Read lines into array, one element per line using bash

22,905

Solution 1

TL;DR

In bash:

readarray -t arr2 < <(git … )
printf '%s\n' "${arr2[@]}"

There are two distinct problems on your question

  1. Shell splitting.
    When you did:

    arr1=($(git … ))
    

    the "command expansion" is unquoted, and so: it is subject to shell split and glob.

    The exactly see what that shell splitting do, use printf:

    $ printf '<%s>  '  $(echo word '"one simple sentence"')
    <word>  <"one>  <simple>  <sentence">
    

    That would be avoided by quoting:

    $ printf '<%s>  '  "$(echo word '"one simple sentence"')"
    <word "one simple sentence">
    

    But that, also, would avoid the splitting on newlines that you want.

  2. Pipe
    When you executed:

    git … | … | … | readarray arr2
    

    The array variable arr2 got set but it went away when the pipe (|) was closed.

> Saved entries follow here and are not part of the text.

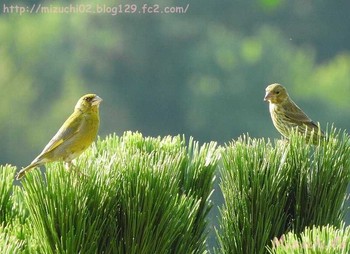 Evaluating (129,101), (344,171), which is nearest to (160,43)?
(129,101)

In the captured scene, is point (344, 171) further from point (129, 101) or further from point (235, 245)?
point (129, 101)

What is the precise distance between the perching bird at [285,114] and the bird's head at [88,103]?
0.46 m

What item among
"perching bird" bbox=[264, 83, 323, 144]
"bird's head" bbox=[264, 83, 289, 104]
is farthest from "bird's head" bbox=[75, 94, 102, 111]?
"bird's head" bbox=[264, 83, 289, 104]

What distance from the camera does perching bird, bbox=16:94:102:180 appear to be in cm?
135

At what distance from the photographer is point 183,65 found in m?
8.54

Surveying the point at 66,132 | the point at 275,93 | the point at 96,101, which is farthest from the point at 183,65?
the point at 66,132

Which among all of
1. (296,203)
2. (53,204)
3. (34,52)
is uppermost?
(34,52)

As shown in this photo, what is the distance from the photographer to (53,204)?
93 cm

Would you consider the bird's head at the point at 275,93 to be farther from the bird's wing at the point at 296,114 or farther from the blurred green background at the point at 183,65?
the blurred green background at the point at 183,65

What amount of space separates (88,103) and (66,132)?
0.41 feet

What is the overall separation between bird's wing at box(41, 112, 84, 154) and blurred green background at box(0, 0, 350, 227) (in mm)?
6420

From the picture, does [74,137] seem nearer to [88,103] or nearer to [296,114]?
[88,103]

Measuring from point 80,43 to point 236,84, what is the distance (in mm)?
1459

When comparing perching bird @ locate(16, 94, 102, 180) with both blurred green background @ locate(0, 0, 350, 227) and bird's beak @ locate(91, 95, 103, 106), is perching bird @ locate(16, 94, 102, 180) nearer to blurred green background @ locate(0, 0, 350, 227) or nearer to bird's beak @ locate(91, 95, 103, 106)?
bird's beak @ locate(91, 95, 103, 106) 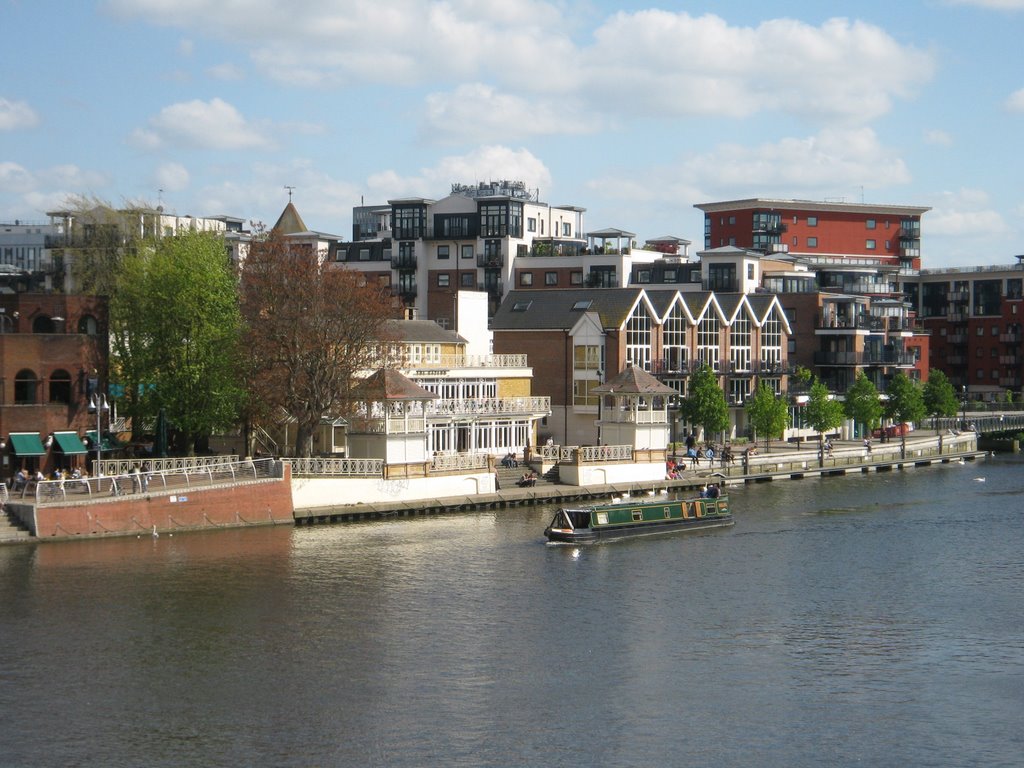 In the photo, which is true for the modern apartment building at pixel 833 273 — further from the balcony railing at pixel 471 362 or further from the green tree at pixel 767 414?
the balcony railing at pixel 471 362

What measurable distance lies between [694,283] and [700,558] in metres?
64.5

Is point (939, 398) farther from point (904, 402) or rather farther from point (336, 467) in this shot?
point (336, 467)

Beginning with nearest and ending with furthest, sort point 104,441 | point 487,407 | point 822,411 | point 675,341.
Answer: point 104,441 → point 487,407 → point 675,341 → point 822,411

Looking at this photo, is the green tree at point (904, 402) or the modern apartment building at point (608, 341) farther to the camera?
the green tree at point (904, 402)

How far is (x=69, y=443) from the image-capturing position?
71062 mm

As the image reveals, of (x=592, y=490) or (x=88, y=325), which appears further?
(x=592, y=490)

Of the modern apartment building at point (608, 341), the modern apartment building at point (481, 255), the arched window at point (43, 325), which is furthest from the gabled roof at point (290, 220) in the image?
the arched window at point (43, 325)

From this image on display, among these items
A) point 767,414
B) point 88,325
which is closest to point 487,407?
point 88,325

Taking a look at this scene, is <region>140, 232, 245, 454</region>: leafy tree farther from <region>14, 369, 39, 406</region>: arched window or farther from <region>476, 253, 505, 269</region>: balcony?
<region>476, 253, 505, 269</region>: balcony

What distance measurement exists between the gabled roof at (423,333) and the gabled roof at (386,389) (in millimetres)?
8703

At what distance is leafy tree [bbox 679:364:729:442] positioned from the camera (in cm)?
10200

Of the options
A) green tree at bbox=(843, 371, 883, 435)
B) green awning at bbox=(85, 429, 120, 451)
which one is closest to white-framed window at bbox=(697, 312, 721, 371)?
green tree at bbox=(843, 371, 883, 435)

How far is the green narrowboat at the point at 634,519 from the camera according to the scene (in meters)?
67.7

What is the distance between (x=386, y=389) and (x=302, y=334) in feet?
16.9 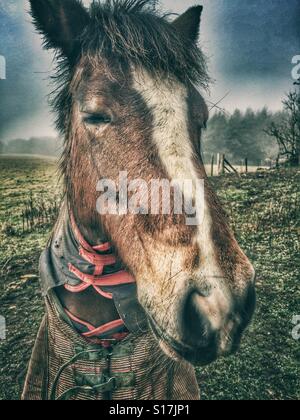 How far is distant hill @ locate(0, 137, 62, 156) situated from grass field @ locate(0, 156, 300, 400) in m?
0.07

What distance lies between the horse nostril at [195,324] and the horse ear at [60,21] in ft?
4.35

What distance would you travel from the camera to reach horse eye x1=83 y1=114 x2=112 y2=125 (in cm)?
128

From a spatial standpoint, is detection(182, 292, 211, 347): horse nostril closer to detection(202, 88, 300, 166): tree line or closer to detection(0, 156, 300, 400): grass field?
detection(0, 156, 300, 400): grass field

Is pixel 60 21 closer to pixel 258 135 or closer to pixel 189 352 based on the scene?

    You could use the value if you stay inside the last subshell:

    $ printf '%s\n' "First value." "Second value." | 
            { readarray -t arr2; printf '%s\n' "${arr2[@]}"; }
    First value.
    Second value.
    

    But the value of arr2 will not survive out of the pipe.

Solution(s)

You need to use read to split on newlines but not with a pipe.
From older to newer:

  1. Loop.
    For old shells without arrays (using positional arguments, the only quasi-array):

    set --
    while IFS='' read -r value; do
        set -- "$@" "$value"
    done <<-EOT
    $(printf '%s\n' "First value." "Second value.")
    EOT
    
    printf '%s\n' "$@"
    

    To set an array (ksh, zsh, bash)

    i=0; arr1=()
    while IFS='' read -r value; do
        arr1+=("$value")
    done <<-EOT
    $(printf '%s\n' "First value." "Second value.")
    EOT
    
    printf '%s\n' "${arr1[@]}"
    
  2. Here-string
    Instead of the here document (<<) we can use a here-string (<<<):

    i=0; arr1=()
    while IFS='' read -r value; do
        arr1+=("$value")
    done <<<"$(printf '%s\n' "First value." "Second value.")"
    
    printf '%s\n' "${arr1[@]}"
    
  3. Process substitution
    In shells that support it (ksh, zsh, bash) you can use <( … ) to replace the here-string:

    i=0; arr1=()
    while IFS='' read -r value; do
        arr1+=("$value")
    done < <(printf '%s\n' "First value." "Second value.")
    
    printf '%s\n' "${arr1[@]}"
    

    With differences: <( ) is able to emit NUL bytes while a here-string might remove (or emit a warning) the NULs. A here-string adds a trailing newline by default. There may be others AFAIK.

  4. readarray
    Use readarray in bash[a] (a.k.a mapfile) to avoid the loop:

    readarray -t arr2 < <(printf '%s\n' "First value." "Second value.")
    printf '%s\n' "${arr2[@]}"
    

[a]In ksh you will need to use read -A, which clears the variable before use, but needs some "magic" to split on newlines and read the whole input at once.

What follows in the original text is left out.